**WORK TO COMPLETE**
Every line of the entries below from the one containing "Hot Wheels Vulture" to the one containing "1474 Via Encinos", both ends included, must be written out exactly. No other line belongs in the answer.

**GIVEN RECORDS**
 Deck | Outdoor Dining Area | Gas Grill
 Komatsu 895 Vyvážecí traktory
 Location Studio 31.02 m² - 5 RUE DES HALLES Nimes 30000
==
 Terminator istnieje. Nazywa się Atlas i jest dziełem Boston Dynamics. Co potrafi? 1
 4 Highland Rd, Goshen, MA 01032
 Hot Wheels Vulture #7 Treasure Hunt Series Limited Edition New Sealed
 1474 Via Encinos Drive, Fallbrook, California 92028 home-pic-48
---
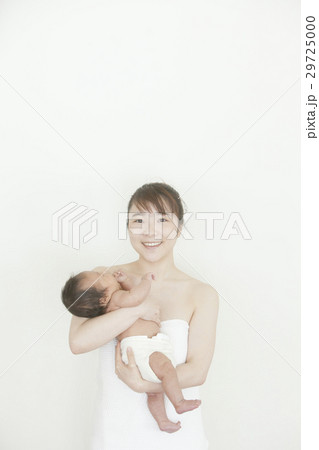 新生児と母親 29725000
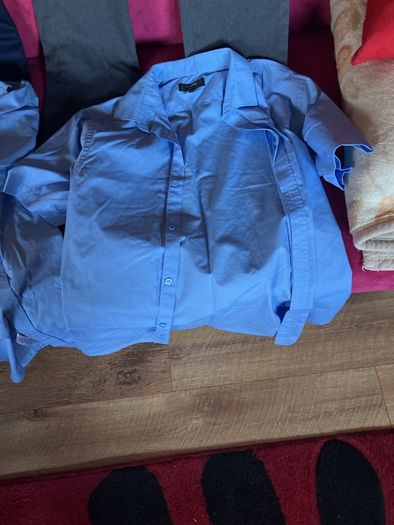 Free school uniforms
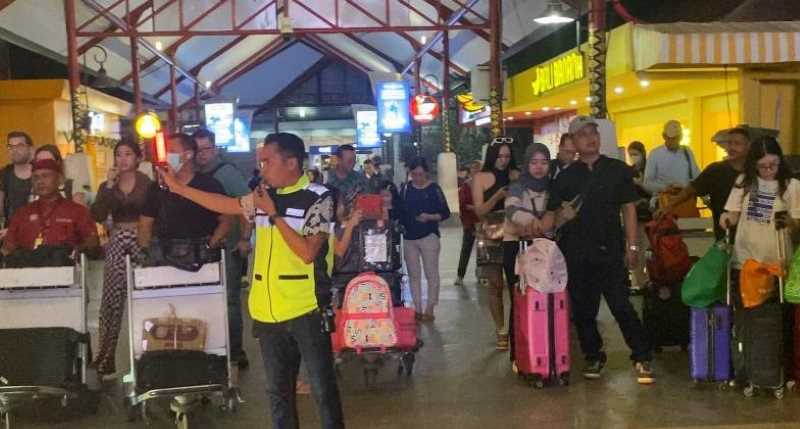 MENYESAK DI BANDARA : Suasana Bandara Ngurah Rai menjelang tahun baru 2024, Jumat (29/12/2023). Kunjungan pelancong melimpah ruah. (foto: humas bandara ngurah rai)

**EXPECTED OUTPUT**
 Hot Wheels Vulture #7 Treasure Hunt Series Limited Edition New Sealed
 1474 Via Encinos Drive, Fallbrook, California 92028 home-pic-48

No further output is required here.